- [EXERCISE PROMPT] Only one stretch of the data below is needed. Output the lines from the one with "Statement Suede Fringe" up to and including the one with "JOY Damen T-Shirt", exactly as they stand.

(DATA EXTRACT)

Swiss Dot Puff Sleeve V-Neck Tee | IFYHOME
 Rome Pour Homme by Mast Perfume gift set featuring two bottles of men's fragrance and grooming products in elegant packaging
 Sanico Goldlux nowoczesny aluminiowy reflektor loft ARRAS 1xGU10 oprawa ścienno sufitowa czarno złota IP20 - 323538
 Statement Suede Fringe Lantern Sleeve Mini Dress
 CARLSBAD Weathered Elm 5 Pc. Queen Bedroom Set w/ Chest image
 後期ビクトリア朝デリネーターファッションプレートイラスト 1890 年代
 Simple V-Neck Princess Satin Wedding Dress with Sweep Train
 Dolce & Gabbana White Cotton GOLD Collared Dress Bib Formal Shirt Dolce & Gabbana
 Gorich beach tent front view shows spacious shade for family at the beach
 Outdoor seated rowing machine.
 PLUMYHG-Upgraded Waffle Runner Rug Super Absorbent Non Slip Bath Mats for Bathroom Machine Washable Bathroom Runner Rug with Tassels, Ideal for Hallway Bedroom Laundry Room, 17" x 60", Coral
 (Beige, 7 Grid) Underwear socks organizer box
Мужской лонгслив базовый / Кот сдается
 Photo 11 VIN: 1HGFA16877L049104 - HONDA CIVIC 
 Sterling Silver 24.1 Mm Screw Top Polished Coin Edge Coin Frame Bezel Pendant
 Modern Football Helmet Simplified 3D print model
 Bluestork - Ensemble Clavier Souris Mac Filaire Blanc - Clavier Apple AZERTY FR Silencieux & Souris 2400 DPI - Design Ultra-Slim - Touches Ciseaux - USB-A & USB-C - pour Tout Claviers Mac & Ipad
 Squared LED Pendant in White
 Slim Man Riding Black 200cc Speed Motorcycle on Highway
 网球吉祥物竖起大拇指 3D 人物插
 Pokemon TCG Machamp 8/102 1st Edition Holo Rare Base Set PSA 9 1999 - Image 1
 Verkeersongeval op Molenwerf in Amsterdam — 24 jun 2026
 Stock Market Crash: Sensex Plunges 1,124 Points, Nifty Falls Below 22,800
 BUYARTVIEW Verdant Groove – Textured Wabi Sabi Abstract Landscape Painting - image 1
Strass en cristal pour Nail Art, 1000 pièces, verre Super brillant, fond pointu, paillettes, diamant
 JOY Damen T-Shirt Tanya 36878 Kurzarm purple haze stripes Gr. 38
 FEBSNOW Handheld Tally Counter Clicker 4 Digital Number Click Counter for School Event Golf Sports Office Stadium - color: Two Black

(End DATA EXTRACT)

- [ANSWER TO THE PROBLEM]
 Statement Suede Fringe Lantern Sleeve Mini Dress
 CARLSBAD Weathered Elm 5 Pc. Queen Bedroom Set w/ Chest image
 後期ビクトリア朝デリネーターファッションプレートイラスト 1890 年代
 Simple V-Neck Princess Satin Wedding Dress with Sweep Train
 Dolce & Gabbana White Cotton GOLD Collared Dress Bib Formal Shirt Dolce & Gabbana
 Gorich beach tent front view shows spacious shade for family at the beach
 Outdoor seated rowing machine.
 PLUMYHG-Upgraded Waffle Runner Rug Super Absorbent Non Slip Bath Mats for Bathroom Machine Washable Bathroom Runner Rug with Tassels, Ideal for Hallway Bedroom Laundry Room, 17" x 60", Coral
 (Beige, 7 Grid) Underwear socks organizer box
Мужской лонгслив базовый / Кот сдается
 Photo 11 VIN: 1HGFA16877L049104 - HONDA CIVIC 
 Sterling Silver 24.1 Mm Screw Top Polished Coin Edge Coin Frame Bezel Pendant
 Modern Football Helmet Simplified 3D print model
 Bluestork - Ensemble Clavier Souris Mac Filaire Blanc - Clavier Apple AZERTY FR Silencieux & Souris 2400 DPI - Design Ultra-Slim - Touches Ciseaux - USB-A & USB-C - pour Tout Claviers Mac & Ipad
 Squared LED Pendant in White
 Slim Man Riding Black 200cc Speed Motorcycle on Highway
 网球吉祥物竖起大拇指 3D 人物插
 Pokemon TCG Machamp 8/102 1st Edition Holo Rare Base Set PSA 9 1999 - Image 1
 Verkeersongeval op Molenwerf in Amsterdam — 24 jun 2026
 Stock Market Crash: Sensex Plunges 1,124 Points, Nifty Falls Below 22,800
 BUYARTVIEW Verdant Groove – Textured Wabi Sabi Abstract Landscape Painting - image 1
Strass en cristal pour Nail Art, 1000 pièces, verre Super brillant, fond pointu, paillettes, diamant
 JOY Damen T-Shirt Tanya 36878 Kurzarm purple haze stripes Gr. 38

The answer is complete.